Los cristianos no podemos sucumbir a tantos miedos, ni retroceder en la predicación de Cristo por las imposiciones culturales que reprimen la fe en la imagen revelada del ser humano desde el poder social de minorías no representativas. Es justo que defendamos los derechos que nos asisten frente a las imposiciones ideológicas del laicismo que no respeta la libertad de pensamiento y de expresión. Es asimismo justo que los cristianos podamos llevar una vida fundada en los mandamientos de Dios. Los cristianos no podemos menos de guiarnos por la imagen del hombre que tenemos en Cristo, porque en ella Dios, que lo resucitó de entre los muertos, ha ofrecido el fundamento de la renovación de la vida humana.
Por esto mismo, los pastores no podemos menos de predicar a Cristo y orientar la vida de los seres humanos según la revelación divina, a cuyo servicio está el magisterio de la Iglesia. Los obispos no podemos menos de recordar a todos con san Pablo que de la misericordia divina nos viene «que estemos en Cristo Jesús, al cual hizo Dios justicia, santificación y redención» (1Cor 1,30). Sólo seremos salvados por la misericordia de Dios, que pide a todos la conversión al Evangelio que san Indalecio predicó en nuestras tierras. Pidamos con la oración colecta de esta fiesta que hemos recitado llegar a Dios por medio del santo Obispo fundador de nuestra Iglesia, a quien Dios ha constituido pastor que nos guíe hasta Él.
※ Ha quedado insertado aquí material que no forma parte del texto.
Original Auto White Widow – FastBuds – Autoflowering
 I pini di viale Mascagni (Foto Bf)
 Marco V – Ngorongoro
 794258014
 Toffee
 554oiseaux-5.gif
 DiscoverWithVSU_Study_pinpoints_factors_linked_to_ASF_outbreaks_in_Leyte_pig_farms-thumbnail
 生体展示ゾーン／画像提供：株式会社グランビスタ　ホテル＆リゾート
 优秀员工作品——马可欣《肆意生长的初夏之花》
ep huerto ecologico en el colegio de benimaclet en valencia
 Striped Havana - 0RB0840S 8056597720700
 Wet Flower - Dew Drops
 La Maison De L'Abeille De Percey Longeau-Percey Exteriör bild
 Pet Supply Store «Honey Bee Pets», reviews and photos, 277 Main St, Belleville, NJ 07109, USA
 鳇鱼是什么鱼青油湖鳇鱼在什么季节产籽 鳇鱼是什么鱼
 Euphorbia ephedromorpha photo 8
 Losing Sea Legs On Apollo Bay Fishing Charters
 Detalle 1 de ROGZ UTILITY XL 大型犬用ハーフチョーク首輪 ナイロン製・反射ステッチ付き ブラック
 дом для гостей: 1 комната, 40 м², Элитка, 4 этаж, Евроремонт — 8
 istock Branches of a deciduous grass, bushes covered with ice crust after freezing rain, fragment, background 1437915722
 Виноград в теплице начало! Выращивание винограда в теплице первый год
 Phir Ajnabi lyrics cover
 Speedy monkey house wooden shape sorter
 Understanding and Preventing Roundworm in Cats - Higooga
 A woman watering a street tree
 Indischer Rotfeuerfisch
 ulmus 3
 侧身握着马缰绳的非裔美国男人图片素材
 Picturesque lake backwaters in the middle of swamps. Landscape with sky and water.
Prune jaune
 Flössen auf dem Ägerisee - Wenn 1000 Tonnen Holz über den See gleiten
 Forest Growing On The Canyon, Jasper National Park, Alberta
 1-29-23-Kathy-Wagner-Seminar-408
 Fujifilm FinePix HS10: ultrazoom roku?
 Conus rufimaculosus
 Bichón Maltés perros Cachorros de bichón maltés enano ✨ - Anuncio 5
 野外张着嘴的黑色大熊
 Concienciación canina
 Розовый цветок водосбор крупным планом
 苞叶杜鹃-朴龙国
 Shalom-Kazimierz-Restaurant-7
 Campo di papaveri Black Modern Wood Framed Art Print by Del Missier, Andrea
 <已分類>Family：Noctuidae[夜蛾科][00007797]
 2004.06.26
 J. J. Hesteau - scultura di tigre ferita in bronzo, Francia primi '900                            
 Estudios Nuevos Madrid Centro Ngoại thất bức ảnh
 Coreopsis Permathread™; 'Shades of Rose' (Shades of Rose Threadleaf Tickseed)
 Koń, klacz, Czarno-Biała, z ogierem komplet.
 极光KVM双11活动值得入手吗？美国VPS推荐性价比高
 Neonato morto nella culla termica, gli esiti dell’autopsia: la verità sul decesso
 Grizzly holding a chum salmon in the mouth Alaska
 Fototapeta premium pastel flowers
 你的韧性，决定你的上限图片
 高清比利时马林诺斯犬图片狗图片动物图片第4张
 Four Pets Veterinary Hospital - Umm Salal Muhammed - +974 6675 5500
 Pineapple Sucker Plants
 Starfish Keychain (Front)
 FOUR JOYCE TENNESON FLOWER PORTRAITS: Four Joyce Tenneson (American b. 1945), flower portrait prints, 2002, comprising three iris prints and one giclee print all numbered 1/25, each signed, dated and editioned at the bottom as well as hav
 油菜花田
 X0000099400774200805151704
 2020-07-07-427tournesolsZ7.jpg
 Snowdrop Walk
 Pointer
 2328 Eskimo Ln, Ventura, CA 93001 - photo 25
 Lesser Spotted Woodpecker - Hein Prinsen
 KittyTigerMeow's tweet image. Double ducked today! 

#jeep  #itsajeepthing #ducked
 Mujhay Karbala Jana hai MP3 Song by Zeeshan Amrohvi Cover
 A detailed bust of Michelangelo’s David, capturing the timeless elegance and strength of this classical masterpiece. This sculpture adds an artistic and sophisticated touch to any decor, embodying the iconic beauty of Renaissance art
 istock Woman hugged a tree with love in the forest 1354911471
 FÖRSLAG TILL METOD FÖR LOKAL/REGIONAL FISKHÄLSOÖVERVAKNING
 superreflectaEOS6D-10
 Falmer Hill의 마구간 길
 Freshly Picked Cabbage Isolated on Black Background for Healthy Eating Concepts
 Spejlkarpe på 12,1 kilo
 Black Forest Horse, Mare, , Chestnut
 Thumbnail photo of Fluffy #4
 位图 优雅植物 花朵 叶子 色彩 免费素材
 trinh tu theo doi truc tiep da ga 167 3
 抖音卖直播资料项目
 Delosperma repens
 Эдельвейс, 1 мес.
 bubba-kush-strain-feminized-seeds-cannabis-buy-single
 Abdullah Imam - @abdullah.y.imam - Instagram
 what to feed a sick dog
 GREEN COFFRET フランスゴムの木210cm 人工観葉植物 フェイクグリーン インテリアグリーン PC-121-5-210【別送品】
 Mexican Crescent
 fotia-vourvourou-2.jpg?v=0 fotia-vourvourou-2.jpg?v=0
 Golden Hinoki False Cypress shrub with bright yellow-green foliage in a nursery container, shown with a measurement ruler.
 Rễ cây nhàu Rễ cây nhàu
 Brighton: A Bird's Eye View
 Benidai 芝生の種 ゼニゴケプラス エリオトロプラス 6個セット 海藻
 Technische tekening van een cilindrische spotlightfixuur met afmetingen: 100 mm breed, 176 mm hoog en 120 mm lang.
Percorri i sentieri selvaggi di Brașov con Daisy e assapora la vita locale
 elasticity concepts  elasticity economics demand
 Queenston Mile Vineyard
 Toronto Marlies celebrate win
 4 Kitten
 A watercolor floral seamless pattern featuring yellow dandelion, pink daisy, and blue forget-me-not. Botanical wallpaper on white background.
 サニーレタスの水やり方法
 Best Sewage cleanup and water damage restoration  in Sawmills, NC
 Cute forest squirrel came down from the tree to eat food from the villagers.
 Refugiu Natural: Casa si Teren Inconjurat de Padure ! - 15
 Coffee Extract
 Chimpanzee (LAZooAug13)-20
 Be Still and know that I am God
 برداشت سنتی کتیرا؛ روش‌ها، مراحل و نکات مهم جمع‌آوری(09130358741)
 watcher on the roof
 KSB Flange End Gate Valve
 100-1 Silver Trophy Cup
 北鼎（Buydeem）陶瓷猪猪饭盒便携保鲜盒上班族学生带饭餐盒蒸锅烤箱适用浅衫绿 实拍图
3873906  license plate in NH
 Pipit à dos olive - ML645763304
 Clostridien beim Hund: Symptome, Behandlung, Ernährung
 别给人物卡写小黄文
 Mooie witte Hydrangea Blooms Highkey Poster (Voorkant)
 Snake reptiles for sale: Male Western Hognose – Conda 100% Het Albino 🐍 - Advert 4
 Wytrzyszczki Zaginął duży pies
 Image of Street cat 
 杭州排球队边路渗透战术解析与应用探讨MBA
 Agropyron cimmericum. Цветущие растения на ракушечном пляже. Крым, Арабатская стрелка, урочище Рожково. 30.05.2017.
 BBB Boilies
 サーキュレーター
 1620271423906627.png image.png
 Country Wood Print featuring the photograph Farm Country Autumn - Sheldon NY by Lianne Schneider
Acojamos su llamada que hoy continúa viva en la llamada que con humildad dirigimos como legítimo pastor a cuantos quieran acoger el Evangelio de Cristo.
S.A.I. Catedral de la Encarnación
15 de mayo de 2021
+ Adolfo González Montes, Obispo de Almería
[1] Vaticano II, Constitución dogmática Lumen Gentium [LG], n. 41b.
[2] Cf. sobre la «Iglesia episcopal» del siglo III: H. Jedin, Manual de Historia de la Iglesia, t. I (Barcelona 1966) 503-507.
[3] LG, n. 41b.
[4] LG, n. 41c.
[5] Pontifical Romano: Rito de la ordenación de presbíteros, n.135 (Entrega de la ofrenda del sacrificio eucarístico al ordenado).